**Record excerpts**
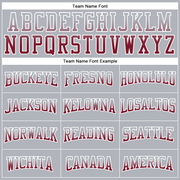 Custom Stitched Gray Crimson-White Fade Fashion Arrow Sports Pullover Sweatshirt Hoodie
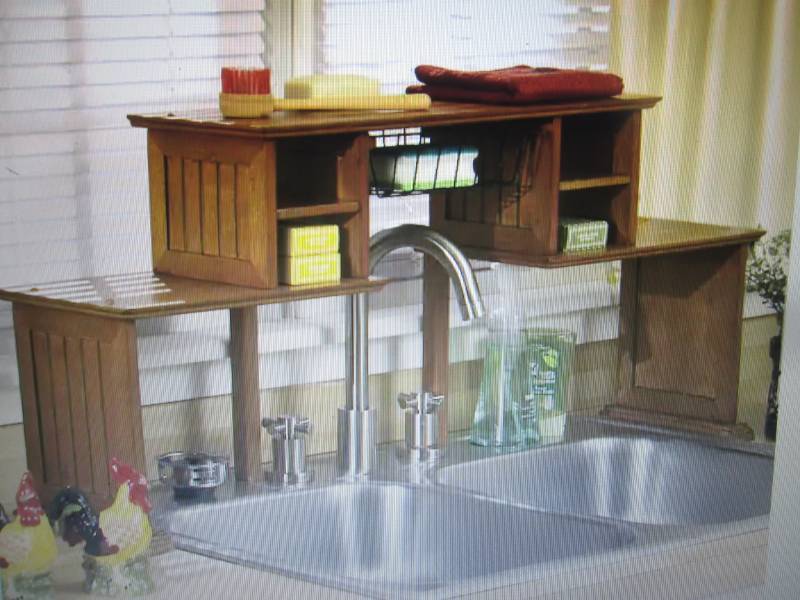 lot 133 image: Over The Sink Shelf open box, scuff...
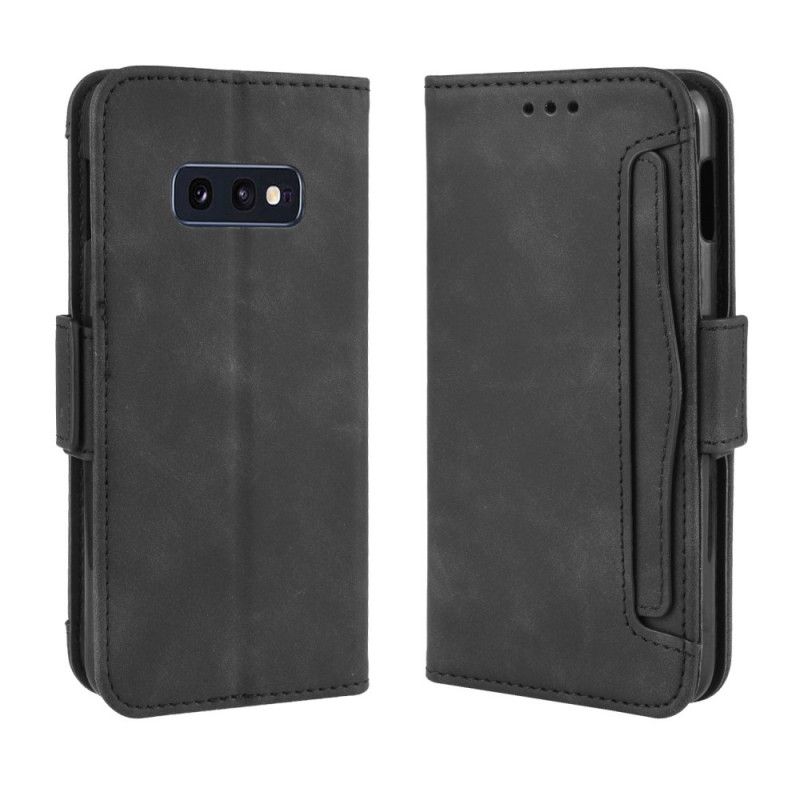 Flip Cover Læder for Samsung Galaxy S10e Sort Førsteklasses Multikort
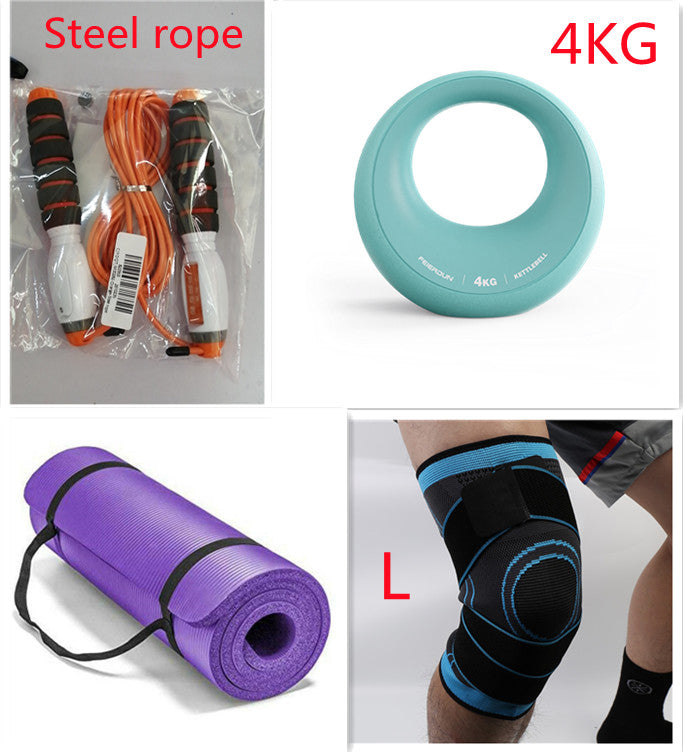 Electronic counting rope for fitness training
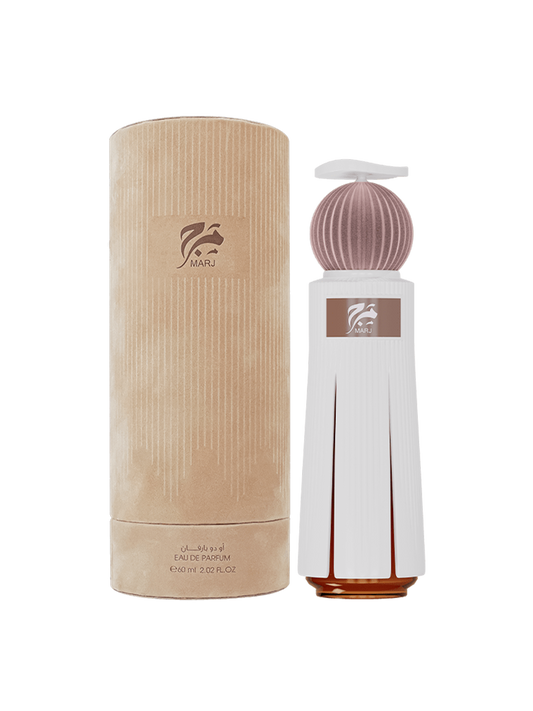 Ahmed Al Maghribi Marj Eau De Parfum 60ml – A timeless unisex fragrance blending floral warmth with oriental charm.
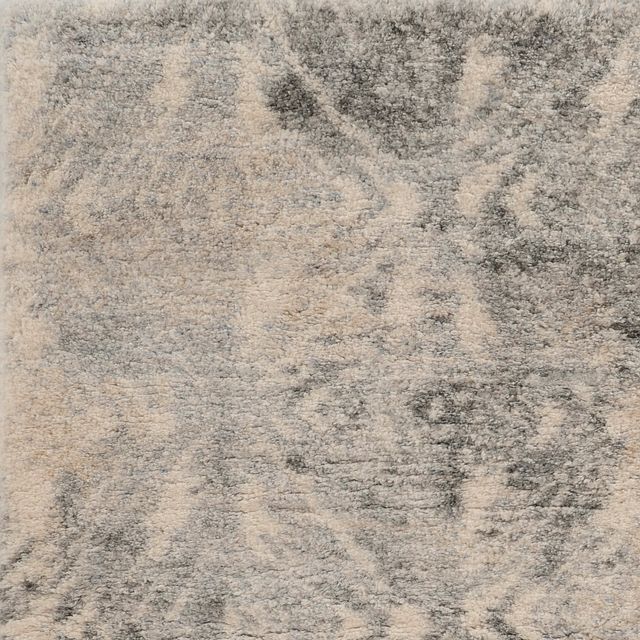KAS Rugs Merino 6703 Ivory/Grey Vintage 5'x8' Area Rug-1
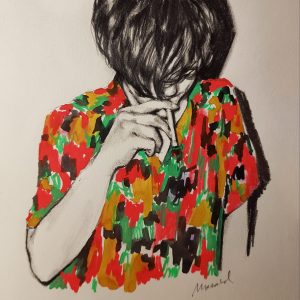 Hawaian Shirt Drawing by Marzabal-SOLD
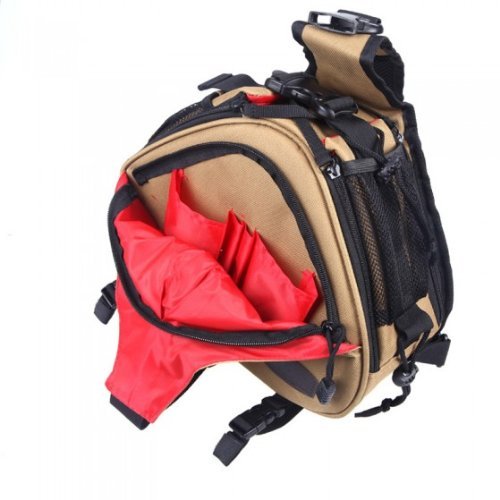 Andoer Caden K1  imperm  able Fashion Casual DSLR Camera Bag Case Sac    bandouli  re pour Canon Nikon Sony  Kaki 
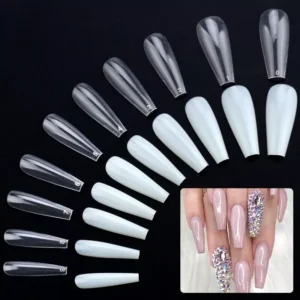 Long Coffin / Ballerina Full Cover Nails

**Exercise aim**
Your task is to restate word for word the lines from the line holding "Hawaian Shirt Drawing by Marzabal-SOLD" through the final line of the listing, both included, but none of the pictures.

**Solution for this task**
 Hawaian Shirt Drawing by Marzabal-SOLD
 Andoer Caden K1  imperm  able Fashion Casual DSLR Camera Bag Case Sac    bandouli  re pour Canon Nikon Sony  Kaki 
 Long Coffin / Ballerina Full Cover Nails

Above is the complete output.